### TASK ITEM
A faithful copy of each record is required, minus the images.
**** DATA IN THIS EXERCISE ****
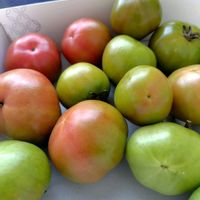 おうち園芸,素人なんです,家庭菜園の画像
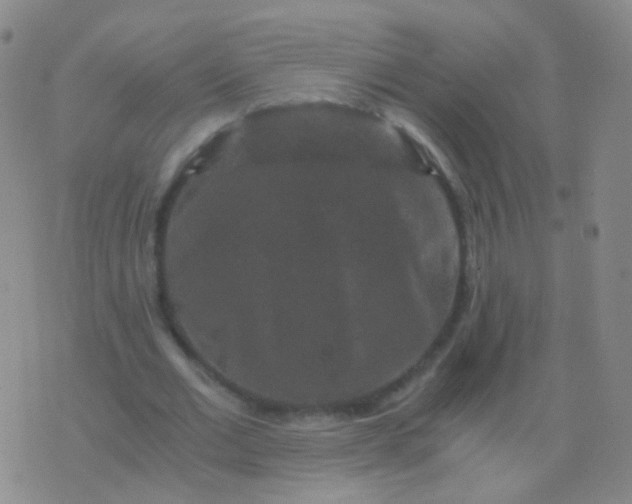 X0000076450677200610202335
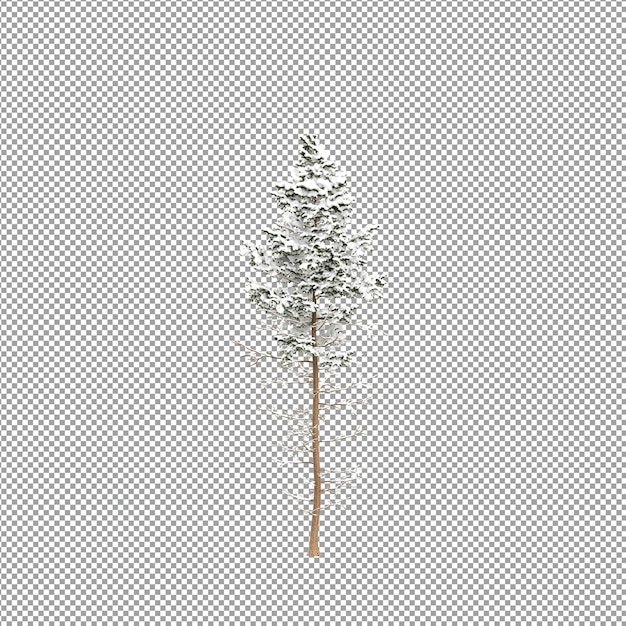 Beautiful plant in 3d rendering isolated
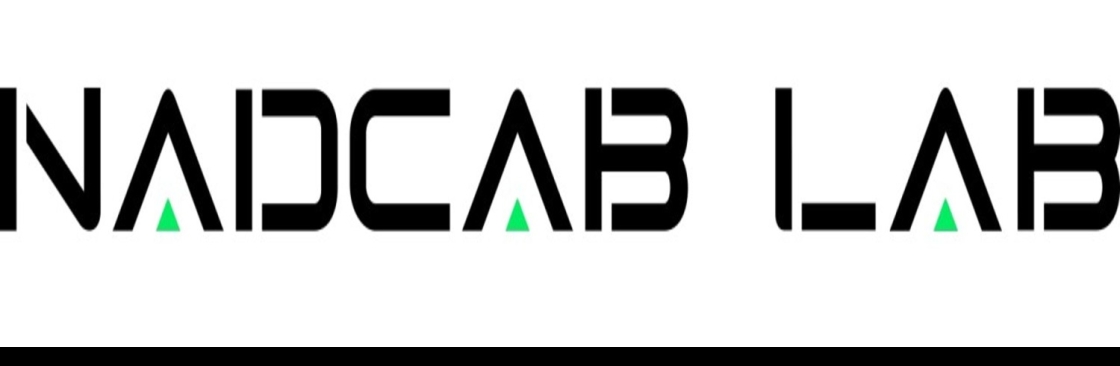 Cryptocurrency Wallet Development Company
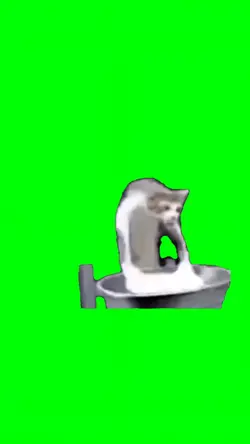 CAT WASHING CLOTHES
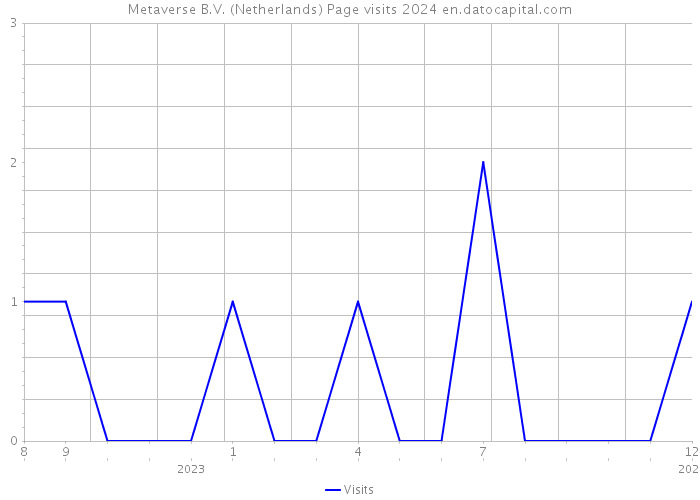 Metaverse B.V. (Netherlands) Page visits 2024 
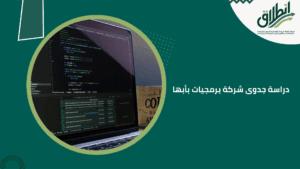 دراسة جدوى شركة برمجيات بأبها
****
### ANSWER BOX
 おうち園芸,素人なんです,家庭菜園の画像
 X0000076450677200610202335
 Beautiful plant in 3d rendering isolated
 Cryptocurrency Wallet Development Company
 CAT WASHING CLOTHES
 Metaverse B.V. (Netherlands) Page visits 2024 
 دراسة جدوى شركة برمجيات بأبها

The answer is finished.